Department of Pediatrics, University of Cincinnati College of Medicine, Cincinnati, Ohio, United States.
Am J Med Genet A. 2023 Jun;191(6):1646-1651. doi: 10.1002/ajmg.a.63188. Epub 2023 Mar 25.
Ryanodine receptor type 1-related disorder (RYR1-RD) is the most common subgroup of congenital myopathies with a wide phenotypic spectrum ranging from mild hypotonia to lethal fetal akinesia. Genetic testing for myopathies is imperative as the diagnosis informs counseling regarding prognosis and recurrence risk, treatment options, monitoring, and clinical management. However, diagnostic challenges exist as current options are limited to clinical suspicion prompting testing including: single gene sequencing or familial variant testing, multi-gene panels, exome, genome sequencing, and invasive testing including muscle biopsy. The timing of diagnosis is of great importance due to the association of RYR1-RD with malignant hyperthermia (MH). MH is a hypermetabolic crisis that occurs secondary to excessive calcium release in muscles, leading to systemic effects that can progress to shock and death if unrecognized. Given the association of MH with pathogenic variants in RYR1, a diagnosis of RYR1-RD necessitates an awareness of medical team to avoid potentially triggering agents. We describe a case of a unique fetal presentation with bilateral diaphragmatic eventrations who had respiratory failure, dysmorphic facial features, and profound global hypotonia in the neonatal period. The diagnosis was made at several months of age, had direct implications on her clinical care related to anticipated need to long-term ventilator support, and ultimately death secondary an arrhythmia as a result of suspected MH. Our report reinforces the importance of having high suspicion for a genetic syndrome and pursuing early, rapid exome or genome sequencing as first line testing in critically ill neonatal intensive care unit patients and further evaluating the pathogenicity of a variant of uncertain significance in the setting of a myopathic phenotype.

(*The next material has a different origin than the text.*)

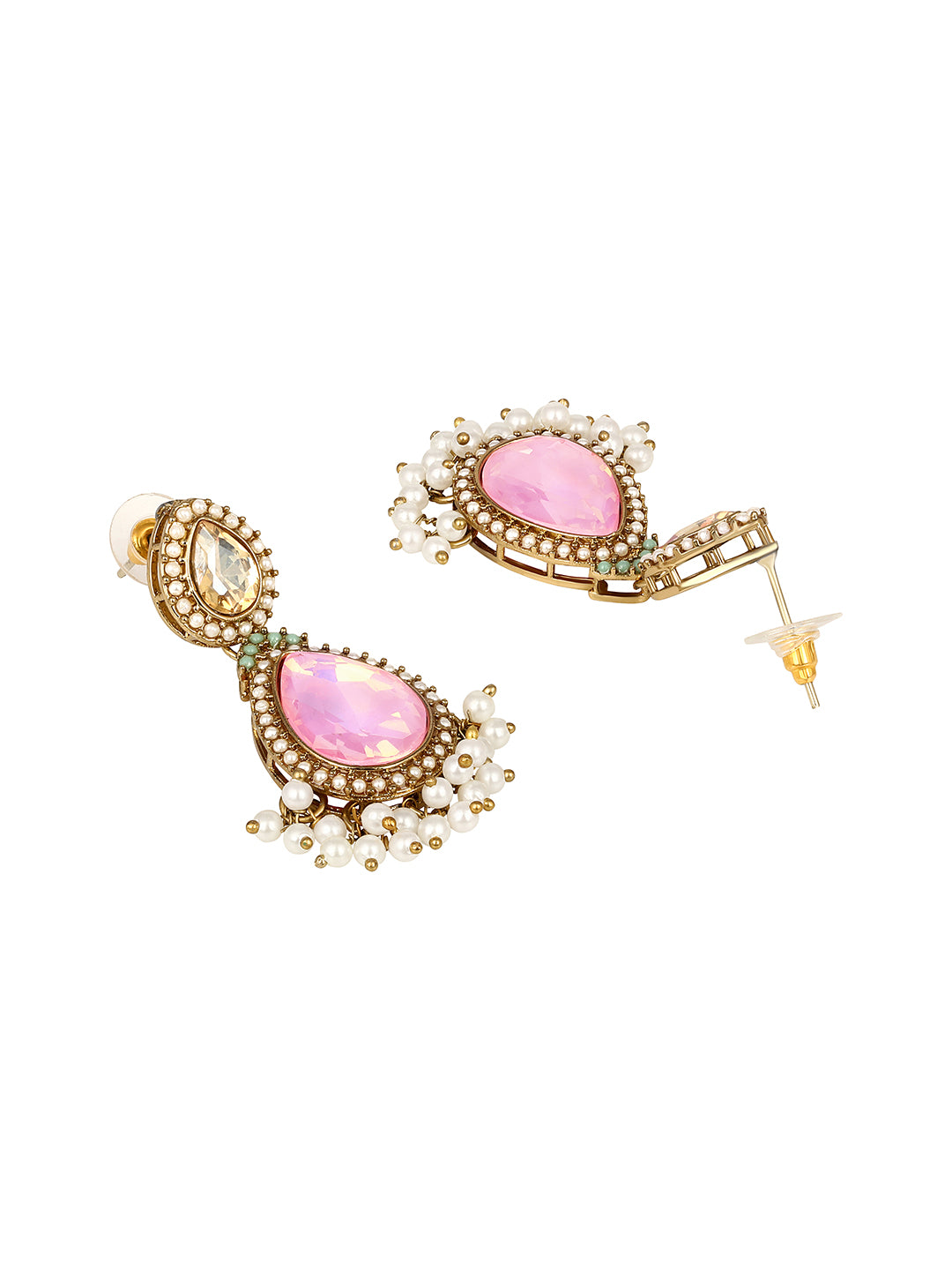 Multicolor Gold Plated American Diamond Studded & Beaded Bridal Jewellery Set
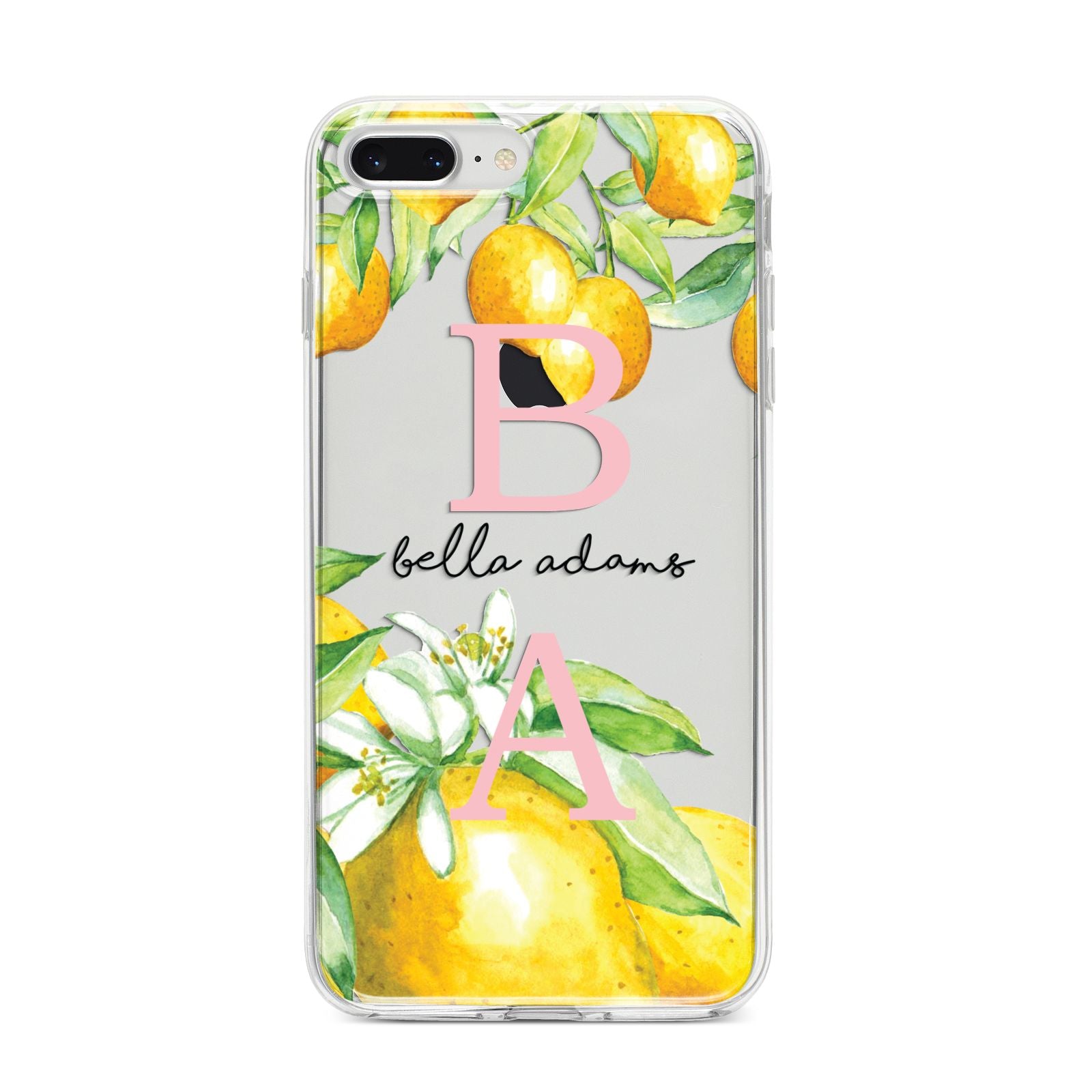 Personalised Initials Lemons iPhone 8 Plus Bumper Case on Silver iPhone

兰尼碱受体 1 相关疾病(RYR1-RD)是先天性肌病中最常见的亚群,其表型谱广泛,从轻度低张力到致命的胎儿无运动。肌病的基因检测至关重要,因为诊断可以告知预后和复发风险、治疗选择、监测和临床管理方面的咨询。然而,诊断存在挑战,因为目前的选择仅限于临床怀疑提示的检测,包括:单基因测序或家族变异检测、多基因面板、外显子组、全基因组测序以及包括肌肉活检在内的侵入性检测。由于 RYR1-RD 与恶性高热(MH)有关,因此诊断的时间非常重要。MH 是一种高代谢危机,继发于肌肉中钙的过度释放,导致全身性影响,如果未被识别,可能进展为休克和死亡。鉴于 MH 与 RYR1 中的致病性变异有关,因此 RYR1-RD 的诊断需要医疗团队意识到这一点,以避免潜在的触发因素。我们描述了一例具有双侧膈肌膨出的独特胎儿表现病例,该病例在新生儿期出现呼吸衰竭、面部畸形特征和严重的全身低张力。在几个月大时做出了诊断,这直接影响了她的临床护理,因为预计需要长期呼吸机支持,最终由于疑似 MH 导致心律失常而死亡。我们的报告强调了对遗传综合征高度怀疑的重要性,并在重症监护新生儿病房患者中早期快速进行外显子组或全基因组测序作为一线检测,进一步评估在肌病表型背景下具有不确定意义的变异的致病性。